The merged practice will have 21 partners and 170 staff and will trade under the Blackadders banner. Adam Cochran has particular expertise in the fields of private client, residential and rural property, family law and dispute resolution. The firm will offer a full service capability for business and private clients, acting for household name companies and charities, along with thousands of private individuals, many of whom are also clients of its Wealth Management unit.
Peter Robertson and Gareth Masson, partners at Adam Cochran, will become partners with Blackadders, while Ryan McKay, recently appointed a partner and head of the Dispute Resolution team, will be based principally in Aberdeen from the beginning of next year.
Promising early investment in the Aberdeen office at Adam Cochran’s existing premises at 6 Bon Accord Square, Johnston Clark, managing partner, said: “We are delighted to be strengthening Blackadders for the future by joining forces with Adam Cochran, a long-established well-regarded law firm in Aberdeen. This will give the firm a strong and unique presence in the major centres on Scotland’s east coast, offering a full range of services from our Aberdeen, Dundee and Edinburgh offices. Our growth into a national firm will create increased strength and depth of client service.”

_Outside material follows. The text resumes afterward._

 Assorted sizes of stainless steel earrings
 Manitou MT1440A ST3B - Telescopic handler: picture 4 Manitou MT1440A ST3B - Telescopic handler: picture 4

Mr Clark said that the merger with Adam Cochran was motivated by a desire to establish a Blackadders office in the north-east to service its existing client base and to develop new business within the region.
Peter Robertson, managing partner at Adam Cochran commented “We share with Blackadders partners a vision of the highest quality of advice and service to our clients and the merger will provide great synergies. Gareth and I are delighted to be joining Blackadders, we expect to be busier than ever whilst providing continuity of service to our clients.”
This latest move follows last year’s successful merger between Blackadders and the long-established Edinburgh practice of McKay Norwell.
Prior to this week’s announcement, Blackadders has appointed five new partners this year – a combination of internal promotions and lateral hires – and five trainees.
With all these recent headlines regarding house price bubbles, I am sure you will be surprised to read a blog about property market stagnation, however, this is something I have a real concern about. Currently we are seeing Scottish-wide trends, with the number of sales being up between 15% – 20% but with the number of listings i.e. new properties coming onto the market at best staying the same and in some areas actually dropping – more properties are selling than coming on.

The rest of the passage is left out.